__HOW TO COMPLETE THIS TASK__: Make an exact copy of the records that follow, with each picture omitted.

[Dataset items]
================================

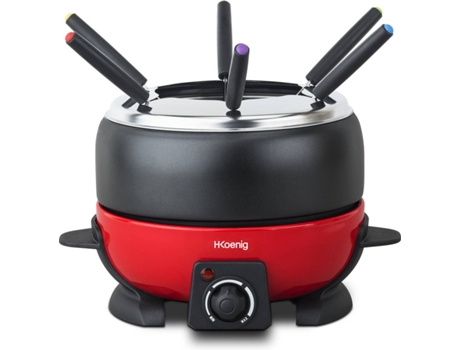 Fondue H. KOENIG ALP1800 (800 W - 2 L)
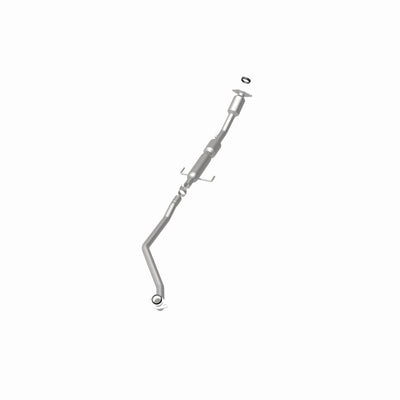 OEM Grade Federal / EPA Compliant Direct-Fit Catalytic Converter <br>14-19 Toyota Corolla 1.8L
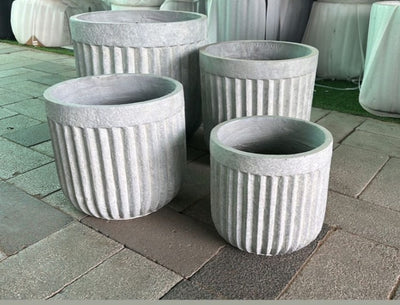 Pot Fiber Medium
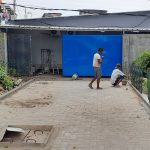 Taman Jembatan Besi Dirusak Untuk Jalan Pribadi, FORPETAB: Kami Menduga Ada Persekongkolan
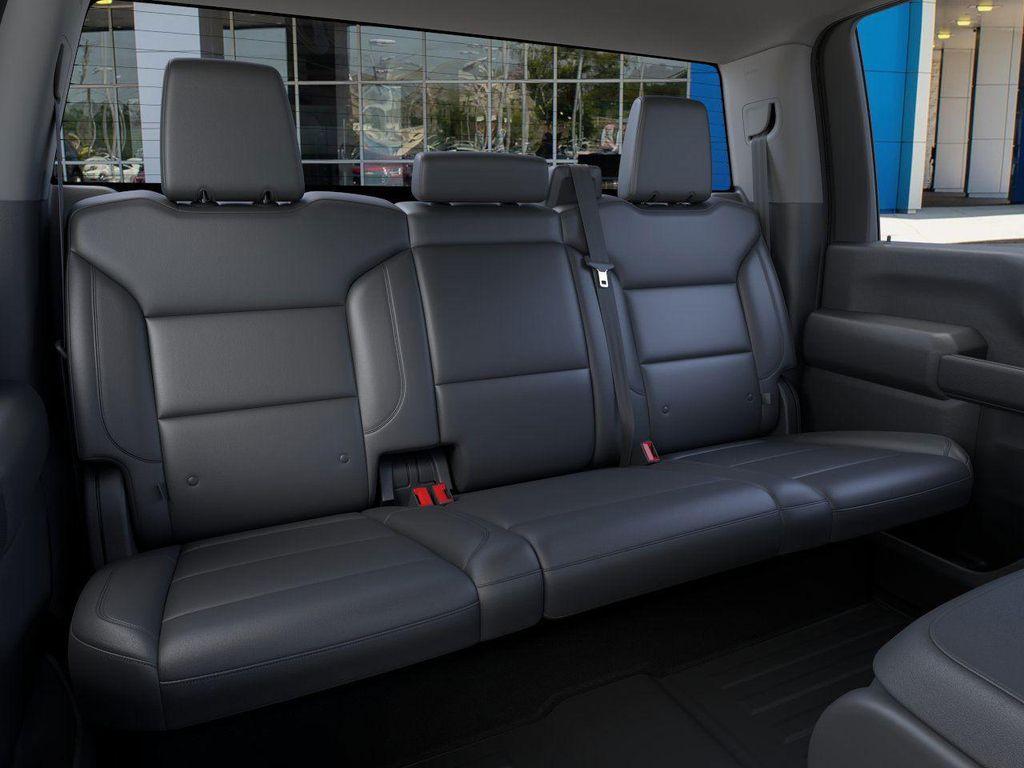 new 2026 Chevrolet Silverado 2500 car, priced at $64,980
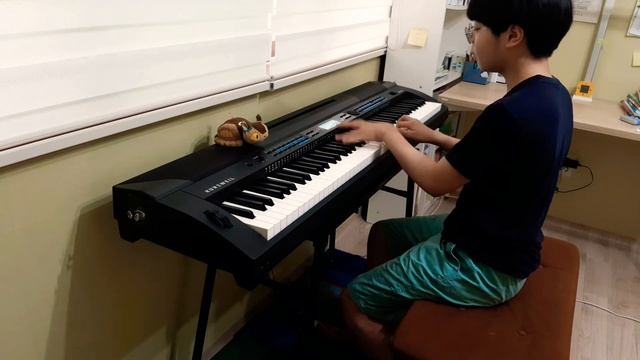 쇼팽 왈츠 Op.34 No.3 / F.Chopin - Waltz Op.32 No.3 смотреть онлайн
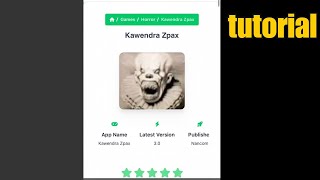 How to download Kawendra Zpax on iOS amp Android [upl. by Yecniuq]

================================

__EXERCISE RESULT__:
 Fondue H. KOENIG ALP1800 (800 W - 2 L)
 OEM Grade Federal / EPA Compliant Direct-Fit Catalytic Converter <br>14-19 Toyota Corolla 1.8L
 Pot Fiber Medium
 Taman Jembatan Besi Dirusak Untuk Jalan Pribadi, FORPETAB: Kami Menduga Ada Persekongkolan
 new 2026 Chevrolet Silverado 2500 car, priced at $64,980
 쇼팽 왈츠 Op.34 No.3 / F.Chopin - Waltz Op.32 No.3 смотреть онлайн
 How to download Kawendra Zpax on iOS amp Android [upl. by Yecniuq]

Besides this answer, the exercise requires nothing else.